To me, the oddballs are the really quick closures. Last year, the Denny's in Ballard closed with incredible speed and no particular warning. One Saturday we ate there, the next Saturday that Denny's sign was down, and the place was boarded up. Now this Tully's. Perhaps it makes a little bit of sense when a multi-branch company does it - they move the inventory out within a few hours, leaving cricket chirps behind.
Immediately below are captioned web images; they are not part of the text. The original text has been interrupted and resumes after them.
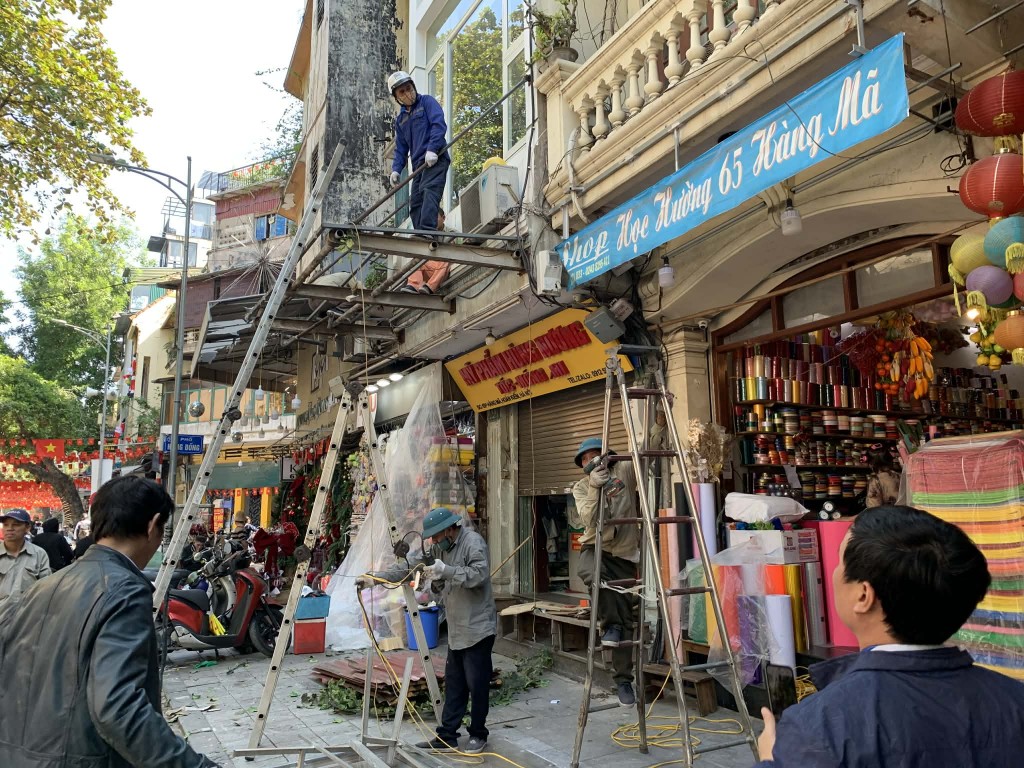 Quyết liệt, xây dựng phường kiểu mẫu về trật tự, văn minh đô thị Quyết liệt, xây dựng phường kiểu mẫu về trật tự, văn minh đô thị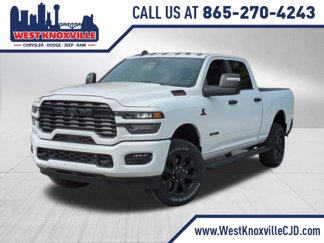 New 2025 RAM 2500 Big Horn image 1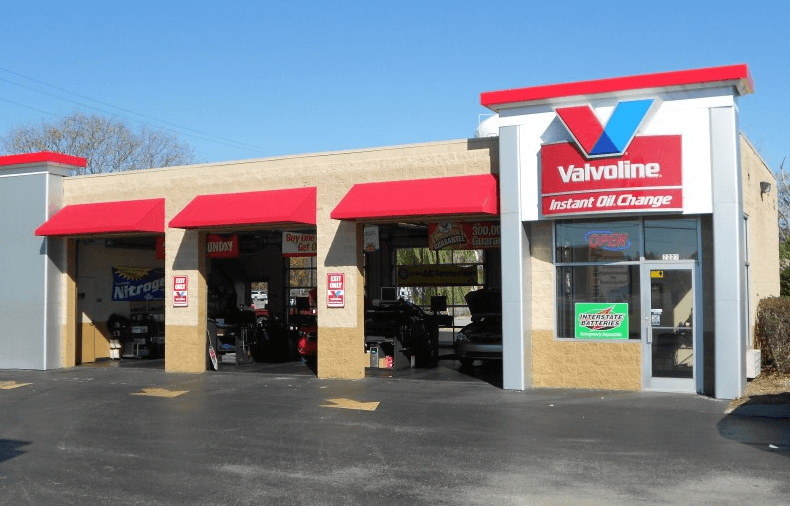 about valvoline pos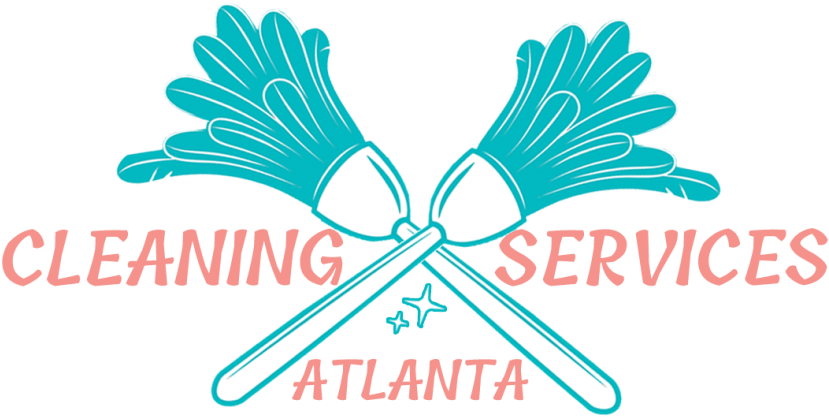 Atlanta Cleaning Services Logo PNG
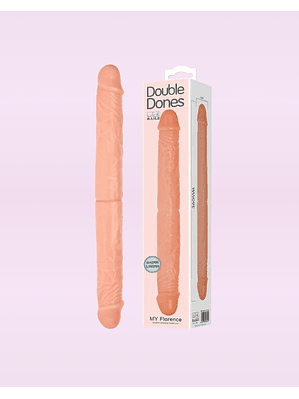 Dildo Doble Dones Realista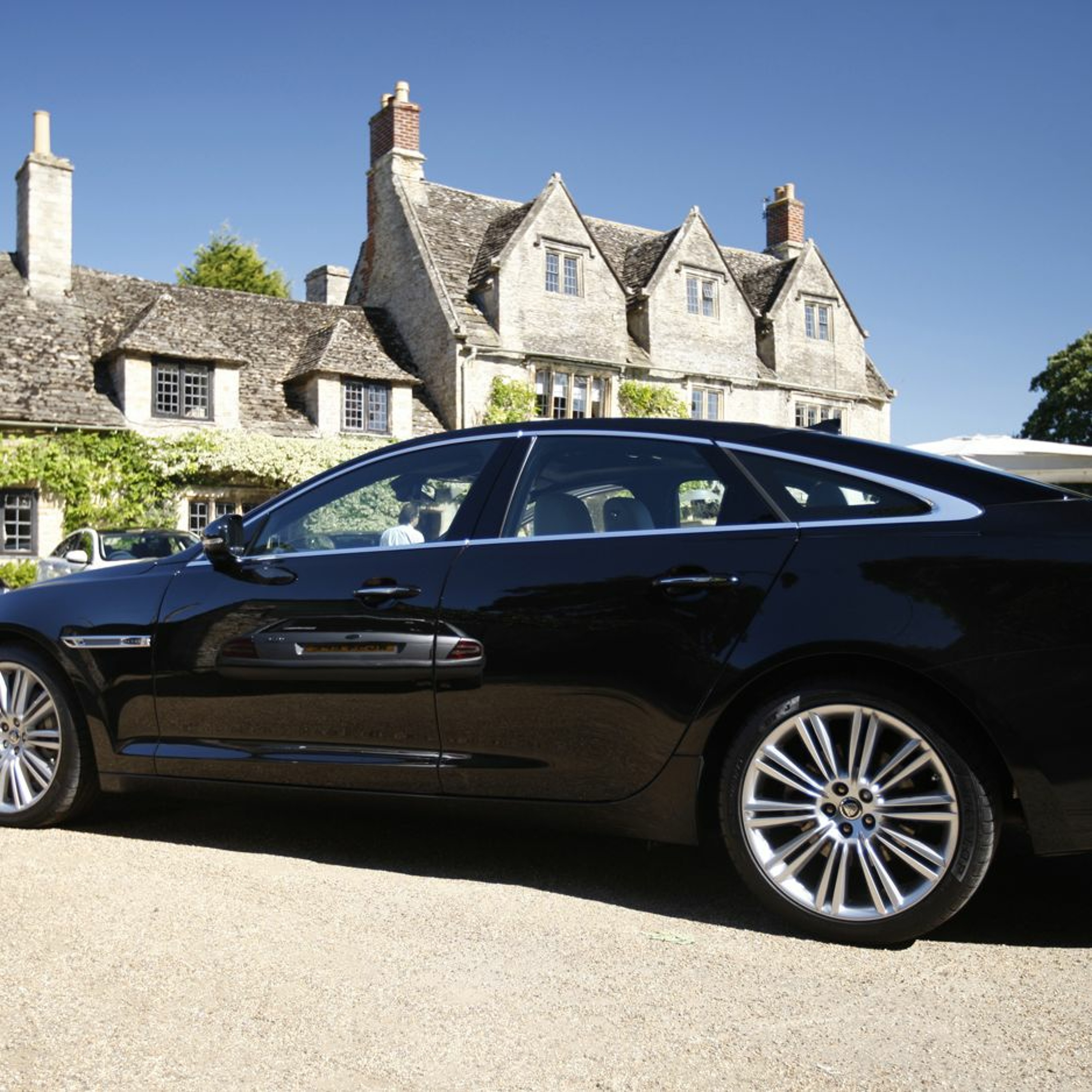 Chauffeur Hire London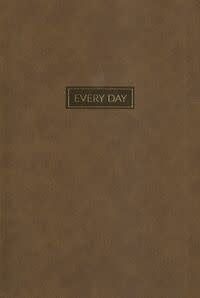CSB Every Day With Jesus Daily Bible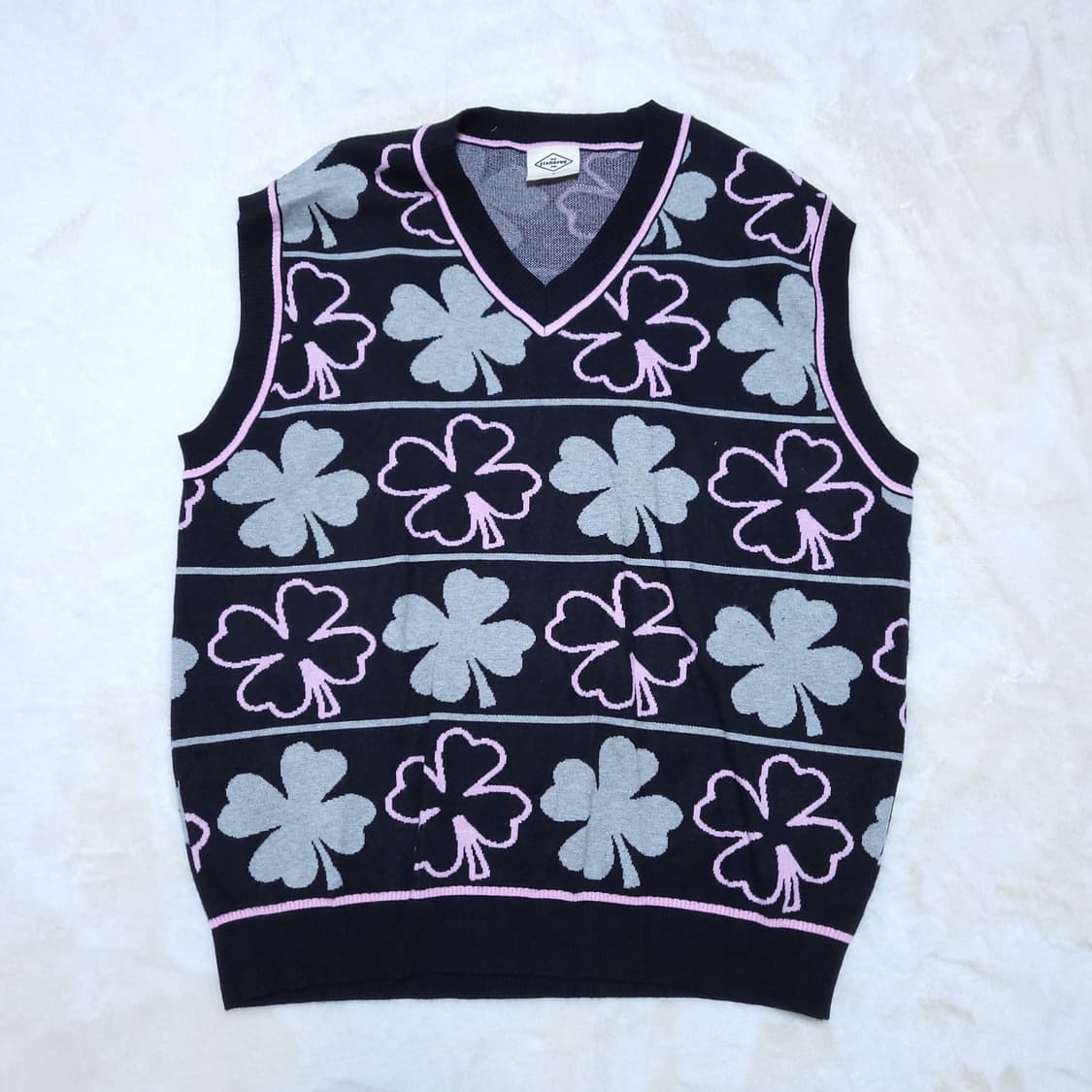 스탠다드 여성 니트조끼 M 0307 상품이미지1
But the Alaska Deli? Still a mystery - it was in the midst of construction, but it had been in the midst for a month or two, it was clearly marked Open with clear sidewalks. Frankly, with all the construction guys swarming around it should have been doing the business of its life. May 30, it was selling coffee; June 2 the door was locked. The extra mystery is that the Alaska Deli's stock is still mostly there even now. (this pic was taken in early July)


I'm probably reading too much into these quick closures. But a business has some sort of relationship with its neighborhood, and its customers. Do these quick closures tell us that we don't care or that we might care too much?

WaMu watch

July 26th, 2008 at 04:07 am

Saving log - $3 tip box
Spending log - $1.50 coffee + $11 lunch

No bankers falling out of the sky...


(WaMu Tower on the left; WaMu Center on the right. I took this snap in December when it was nice and gloomy)

odd mail

July 25th, 2008 at 06:56 am

Saving log - $4 tip box
Spending log - $1.50 coffee + $22 groceries & lunch

Peaches were at .99/lb at the downtown supermarket, so I picked up some along with a plate of california rolls for $3.79. Nice to see 2004 prices for a change.

My mail contained a notice for a class action lawsuit for Coke shareholders of record between 1999 and 2000. During that time, KO dropped from $80/share to $30-$40 and so far hasn't recovered completely from it. Plantiffs are suing that KO misled the company finances, etc. I'll have to research this a bit more - the possibilities are to take it, ignore it, or file for exclusion. This was about the time that DH gave me a share and started me off of DRiPing. I had one share and was working on a bit of another at the time. I'd be shocked if I get a check for more than single digits.

keepin' it fiscal

July 24th, 2008 at 04:49 am

Savings log - $2 tip box
Spending log - $1.50 coffee + $11 lunch + $4 dinner for two.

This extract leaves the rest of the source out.